Posted May 9, 2008 18:12 UTC (Fri) by mjg59 (subscriber, #23239) [Link]

Shifting from C4 to C0 takes around 17 microseconds on my hardware, which is pretty typical. I
think that's somewhat less than 100 milliseconds :)

Matthew Garrett on the race to idle

Posted May 9, 2008 18:17 UTC (Fri) by dlang (subscriber, #313) [Link]

try it again with a USB device plugged in and the numbers can change drasticly.

some hardware combinations work well at shifting from one mode to another, others don't work
nearly as well.

David Lang

Matthew Garrett on the race to idle

Posted May 9, 2008 18:52 UTC (Fri) by mjg59 (subscriber, #23239) [Link]
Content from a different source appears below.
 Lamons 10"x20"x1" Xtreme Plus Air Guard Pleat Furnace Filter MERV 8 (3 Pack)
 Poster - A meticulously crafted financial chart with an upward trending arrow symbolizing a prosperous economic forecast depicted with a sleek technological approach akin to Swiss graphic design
USB's tendancy to trigger DMA means that you're going to spend more time in C2 than would be
ideal, but on anything made in the past 5 years that's still going to result in you saving
more power than staying in C0 at a low voltage. Recent hardware will even automatically
promote itself from C3 to C2 without OS intervention.

Matthew Garrett on the race to idle

Posted May 9, 2008 23:06 UTC (Fri) by dlang (subscriber, #313) [Link]

in theory you are right, in practice it doesn't work as well.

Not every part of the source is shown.